Mandatory Mediation in Turkey
Mediation is an alternative dispute resolution method that is widely used throughout the world and the mediation process is generally described as “a negotiation process facilitated by a trusted neutral third party“. It should be noted that this “trusted third party” is called as “mediator” and it is possible to see the involvement of more than one mediator in some specific and/or complex disputes.
It is commonly acknowledged -both in literature and practice- that mediation is broadly chosen because it is “voluntary”, “independent”, “simple”, “impartial” and “fast”. Therefore, it is increasingly seen in practice that several jurisdictions have introduced mandatory mediation to resolve certain disputes before the parties can resort to litigation.
In this context, in some cases, some judicial systems are highly criticized as they are said to force disputing parties to apply mediation before starting the litigation process and this doesn’t comply with the feature of “voluntary”. Because, in the said jurisdictions, where there is mandatory mediation, the mediation process is a prerequisite for resorting to the litigation.
Turkey recently joined the jurisdictions that oblige disputing parties to mandatory mediation processes for certain disputes. The legislation introduced by Turkey to enable this system are specified below:
- The Law on Mediation in Civil Disputes numbered 6325 came into force on 22 June 2013. With the enactment of the Law, mediation became more popular in Turkish jurisdiction.
- The new Law on Labor Courts numbered 7036 was enacted on 25 October 2017. According to Article 3 of said Law, mandatory mediation became a prerequisite for litigation of monetary claims raised by both employees and employers within labor disputes.
- Law No. 7155 entitled “Law on the Procedure of Initiating Debt Enforcement Proceedings For Payment Claims Under Subscription Agreements” was published in the Official Gazette dated 19 December 2018 and numbered 30630. According to Article 20 of this Law, which introduced the new Article 5/A of Turkish Commercial Code numbered 6102, “commercial disputes” the subject matter of which is a debt or indemnity claim requiring the payment of a sum of money will be subject to mandatory commercial mediation.
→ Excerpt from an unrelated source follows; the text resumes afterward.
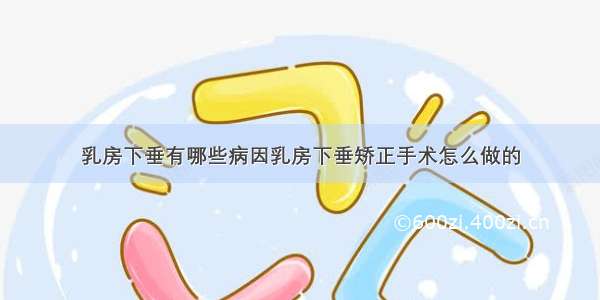 乳房下垂有哪些病因乳房下垂矫正手术怎么做的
That is to say, any party that wishes to bring formal court proceedings relating to commercial payment claims is initially to go through the applicable mandatory mediation proceedings.
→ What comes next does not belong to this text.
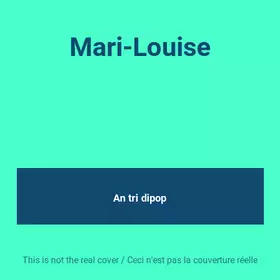 Couverture du produit · Mari-Louise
It is clear from the above-mentioned provisions that disputing parties are obliged to apply to a mediator before filing a lawsuit for certain disputes. As a result, if a party directly resorts to litigation failing to fulfill this obligation, Turkish courts dismiss the application on procedural grounds.
It must be noted that the appropriateness of this mechanism is questioned given the voluntary character of mediation in particular. The concern is that forcing disputing parties to mediate as a prerequisite to the litigation process by way of mandatory mediation runs against the defining voluntary nature of this process. On the other hand, it can be claimed that the voluntariness feature is still preserved under mandatory mediation because the parties are free to end the process and move on to litigation if they fail to reach a settlement.
The debate on whether “voluntary” mediation should be made mandatory is likely to continue for some time, considering the recent rumors of a prospective expansion of the mandatory mediation procedures to include other areas such as family law.